-- Description of the task --
Please repeat exactly the lines below from the one containing "Here's how we" down to the one containing "When you work", both included, and nothing else.

-- Data records follows --

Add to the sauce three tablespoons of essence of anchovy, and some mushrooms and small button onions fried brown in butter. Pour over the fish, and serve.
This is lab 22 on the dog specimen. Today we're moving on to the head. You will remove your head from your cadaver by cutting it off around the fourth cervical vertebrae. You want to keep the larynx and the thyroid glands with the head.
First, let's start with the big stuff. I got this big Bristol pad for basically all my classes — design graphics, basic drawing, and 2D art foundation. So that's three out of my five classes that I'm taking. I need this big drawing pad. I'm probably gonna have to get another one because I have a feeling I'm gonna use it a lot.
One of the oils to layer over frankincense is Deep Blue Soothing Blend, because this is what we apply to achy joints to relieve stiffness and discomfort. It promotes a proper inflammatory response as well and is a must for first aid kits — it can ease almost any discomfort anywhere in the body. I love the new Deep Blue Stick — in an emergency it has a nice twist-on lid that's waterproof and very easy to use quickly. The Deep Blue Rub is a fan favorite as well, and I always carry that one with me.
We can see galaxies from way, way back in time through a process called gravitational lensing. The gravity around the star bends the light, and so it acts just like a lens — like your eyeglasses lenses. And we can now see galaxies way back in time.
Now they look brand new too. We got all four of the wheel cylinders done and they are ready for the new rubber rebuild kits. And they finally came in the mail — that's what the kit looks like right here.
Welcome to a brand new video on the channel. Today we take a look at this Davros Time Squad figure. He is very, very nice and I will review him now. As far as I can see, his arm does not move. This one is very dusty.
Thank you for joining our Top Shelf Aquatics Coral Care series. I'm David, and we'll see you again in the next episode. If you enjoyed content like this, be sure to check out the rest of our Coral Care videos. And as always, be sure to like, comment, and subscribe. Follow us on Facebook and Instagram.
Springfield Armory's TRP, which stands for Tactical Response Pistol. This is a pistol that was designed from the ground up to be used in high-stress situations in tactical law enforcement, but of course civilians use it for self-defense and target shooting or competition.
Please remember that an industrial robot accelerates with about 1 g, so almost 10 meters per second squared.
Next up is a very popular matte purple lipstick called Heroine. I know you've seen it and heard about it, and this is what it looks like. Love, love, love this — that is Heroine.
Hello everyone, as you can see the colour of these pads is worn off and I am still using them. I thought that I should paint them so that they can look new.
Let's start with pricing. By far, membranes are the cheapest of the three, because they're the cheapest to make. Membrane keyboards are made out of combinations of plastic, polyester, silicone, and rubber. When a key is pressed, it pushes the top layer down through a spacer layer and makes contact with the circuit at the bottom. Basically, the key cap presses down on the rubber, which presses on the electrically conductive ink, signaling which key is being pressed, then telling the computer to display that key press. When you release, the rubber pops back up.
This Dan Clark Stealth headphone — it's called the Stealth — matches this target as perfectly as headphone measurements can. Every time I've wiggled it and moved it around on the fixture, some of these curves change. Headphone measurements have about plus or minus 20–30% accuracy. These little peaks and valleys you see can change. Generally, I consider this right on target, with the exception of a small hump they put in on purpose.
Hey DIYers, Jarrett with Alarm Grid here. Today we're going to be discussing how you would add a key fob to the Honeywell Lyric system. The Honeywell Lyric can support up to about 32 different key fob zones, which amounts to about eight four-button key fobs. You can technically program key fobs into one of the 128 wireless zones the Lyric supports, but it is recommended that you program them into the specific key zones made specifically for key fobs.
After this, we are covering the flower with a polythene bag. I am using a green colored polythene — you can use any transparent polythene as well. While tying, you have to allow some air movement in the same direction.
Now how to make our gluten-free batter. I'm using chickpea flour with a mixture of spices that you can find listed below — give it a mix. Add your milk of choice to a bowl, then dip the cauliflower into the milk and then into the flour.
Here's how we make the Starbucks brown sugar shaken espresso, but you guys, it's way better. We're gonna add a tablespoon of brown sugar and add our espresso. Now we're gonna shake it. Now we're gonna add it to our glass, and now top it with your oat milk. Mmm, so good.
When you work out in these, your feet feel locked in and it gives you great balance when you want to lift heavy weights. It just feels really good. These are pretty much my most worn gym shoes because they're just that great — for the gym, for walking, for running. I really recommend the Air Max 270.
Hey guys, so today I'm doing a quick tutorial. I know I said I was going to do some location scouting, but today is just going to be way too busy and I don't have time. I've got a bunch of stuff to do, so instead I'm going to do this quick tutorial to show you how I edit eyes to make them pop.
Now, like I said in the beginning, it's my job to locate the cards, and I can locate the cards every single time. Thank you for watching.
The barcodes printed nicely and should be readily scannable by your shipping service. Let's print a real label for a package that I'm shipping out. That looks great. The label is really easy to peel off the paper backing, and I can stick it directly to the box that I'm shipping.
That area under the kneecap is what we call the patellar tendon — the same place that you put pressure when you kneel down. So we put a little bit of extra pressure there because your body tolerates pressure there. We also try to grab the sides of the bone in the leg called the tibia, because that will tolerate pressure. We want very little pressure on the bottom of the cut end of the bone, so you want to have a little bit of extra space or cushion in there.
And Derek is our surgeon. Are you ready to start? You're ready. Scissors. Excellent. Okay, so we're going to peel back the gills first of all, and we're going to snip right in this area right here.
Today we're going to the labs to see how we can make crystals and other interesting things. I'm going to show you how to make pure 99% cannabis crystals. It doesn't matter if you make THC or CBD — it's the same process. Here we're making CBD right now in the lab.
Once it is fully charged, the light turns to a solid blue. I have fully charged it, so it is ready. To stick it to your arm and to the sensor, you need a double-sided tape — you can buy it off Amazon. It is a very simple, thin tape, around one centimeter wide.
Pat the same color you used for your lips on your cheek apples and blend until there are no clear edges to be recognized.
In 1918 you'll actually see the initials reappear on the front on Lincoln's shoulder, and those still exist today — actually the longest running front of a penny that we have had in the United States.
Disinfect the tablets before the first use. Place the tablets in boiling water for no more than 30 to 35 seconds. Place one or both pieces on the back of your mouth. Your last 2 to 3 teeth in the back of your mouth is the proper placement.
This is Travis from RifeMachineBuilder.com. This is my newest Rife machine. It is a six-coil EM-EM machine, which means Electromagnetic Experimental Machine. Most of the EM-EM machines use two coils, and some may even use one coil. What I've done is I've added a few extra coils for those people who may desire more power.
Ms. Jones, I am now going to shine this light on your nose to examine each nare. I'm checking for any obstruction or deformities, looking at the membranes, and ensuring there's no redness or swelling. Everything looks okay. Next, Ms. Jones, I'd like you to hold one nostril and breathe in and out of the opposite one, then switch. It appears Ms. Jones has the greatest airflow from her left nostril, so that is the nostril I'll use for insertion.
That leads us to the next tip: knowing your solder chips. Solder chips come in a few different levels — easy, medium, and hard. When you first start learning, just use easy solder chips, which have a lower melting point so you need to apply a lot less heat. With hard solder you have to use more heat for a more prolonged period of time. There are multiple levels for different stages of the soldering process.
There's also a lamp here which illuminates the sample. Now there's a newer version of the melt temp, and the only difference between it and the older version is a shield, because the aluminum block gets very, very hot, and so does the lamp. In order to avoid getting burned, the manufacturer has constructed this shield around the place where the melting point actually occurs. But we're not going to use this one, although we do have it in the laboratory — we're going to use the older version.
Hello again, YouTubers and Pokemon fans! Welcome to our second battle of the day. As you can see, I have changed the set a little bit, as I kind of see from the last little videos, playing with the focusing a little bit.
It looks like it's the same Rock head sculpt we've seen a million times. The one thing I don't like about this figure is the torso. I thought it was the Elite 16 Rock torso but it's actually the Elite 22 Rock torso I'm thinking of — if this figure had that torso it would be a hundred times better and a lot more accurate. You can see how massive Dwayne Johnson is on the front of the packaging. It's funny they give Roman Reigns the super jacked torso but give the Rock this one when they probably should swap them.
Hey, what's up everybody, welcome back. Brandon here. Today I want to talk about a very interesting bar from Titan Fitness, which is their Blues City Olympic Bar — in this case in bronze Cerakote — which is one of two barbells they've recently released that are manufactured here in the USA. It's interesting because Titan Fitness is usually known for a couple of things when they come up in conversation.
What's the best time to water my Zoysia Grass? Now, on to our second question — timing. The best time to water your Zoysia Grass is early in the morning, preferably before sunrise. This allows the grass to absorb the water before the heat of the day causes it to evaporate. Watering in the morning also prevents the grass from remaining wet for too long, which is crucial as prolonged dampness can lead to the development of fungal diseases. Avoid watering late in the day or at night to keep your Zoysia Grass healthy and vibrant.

-- Data records concluded --

-- Result of this exercise --
Here's how we make the Starbucks brown sugar shaken espresso, but you guys, it's way better. We're gonna add a tablespoon of brown sugar and add our espresso. Now we're gonna shake it. Now we're gonna add it to our glass, and now top it with your oat milk. Mmm, so good.
When you work out in these, your feet feel locked in and it gives you great balance when you want to lift heavy weights. It just feels really good. These are pretty much my most worn gym shoes because they're just that great — for the gym, for walking, for running. I really recommend the Air Max 270.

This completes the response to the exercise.